Overview
I am mainly interested in applications of Stastical Machine learning techniques to practical problems. The applications I have worked on can be divided into 3 main areas:
Brain Computer interfaces (BCI)
A BCI is designed to allow a person to control a machine by simply thinking. Machine learning is critically important for practical BCIs as it allows allows the machine to rapidly adapt to the unique signals generated by each individual user. I am currently investiagating how to train subject-specfic feature extraction algorithms, and how to adapt the BCI on-line to changes in the subjects brain state.
Real-Time decision making and Bounded Rationality.

Computational agents in the "real-world" must be able to make quick, complex, goal-directed, real-time decisions in the context of limited resources and uncertainty about the environment.

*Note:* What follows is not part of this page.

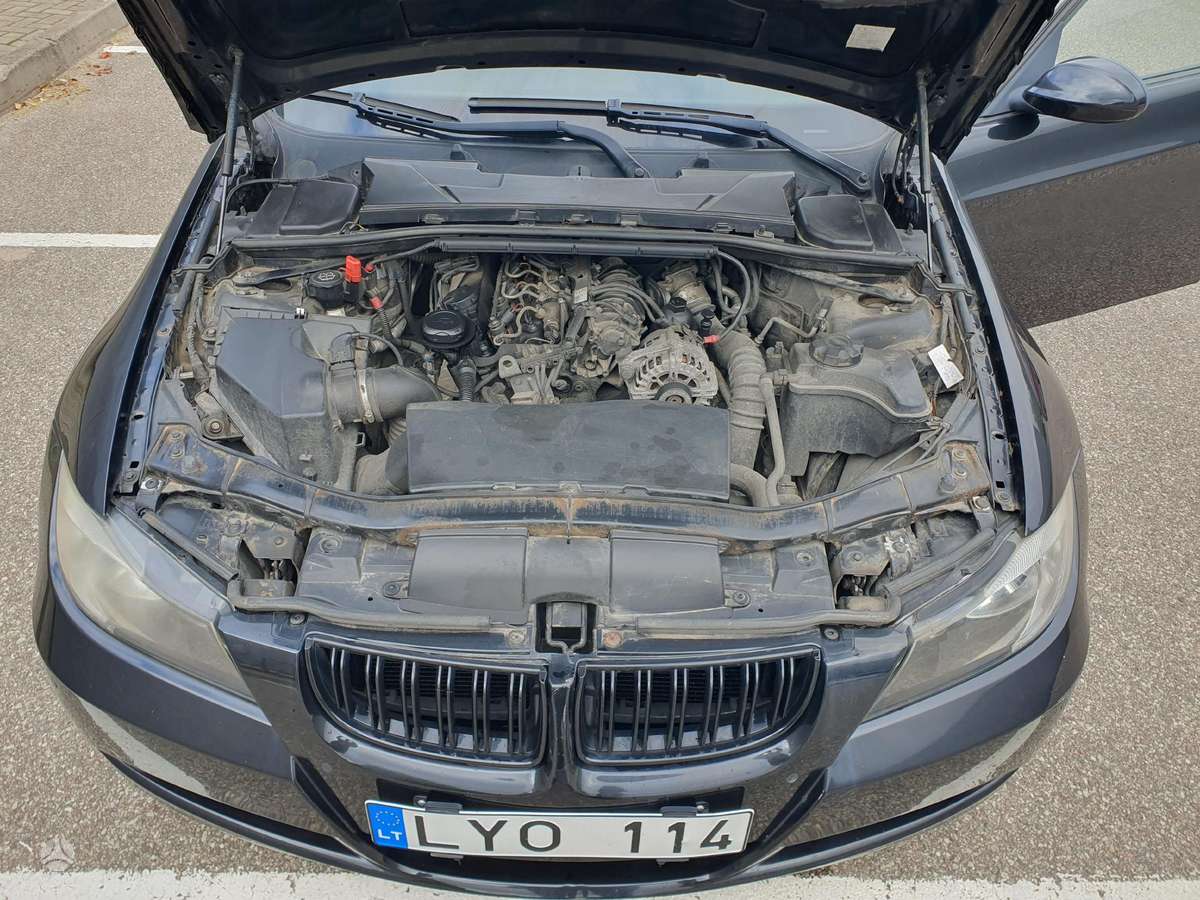 BMW 318, 2.0 l., Универсал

Towards this end my PhD thesis work investigated how learning and decision theoretic control of reasoning (meta-control) could be used to learn useful information about the environment and direct computation effort where it was most useful.

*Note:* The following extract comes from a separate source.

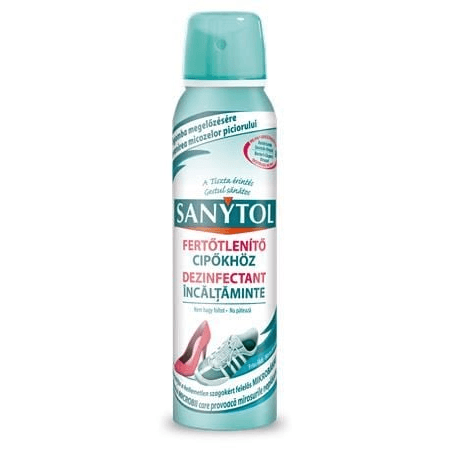 SANYTOL SADA TEKUTEJ BIELIZNE 1L+ DEZODORANT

Generic Image Categorisation.

This is the problem of recognising that an image contains particular types of objects, such as chairs, trees, cars, phones etc. As for BCI machine learning is critical to this problem to adapt to the huge varability in images within the same class, caused by for example, changes in: object instance, orientation, lighting, background.. To address this problem we combined SIFT interest point detectors with specialised kernels for working with sets of objects.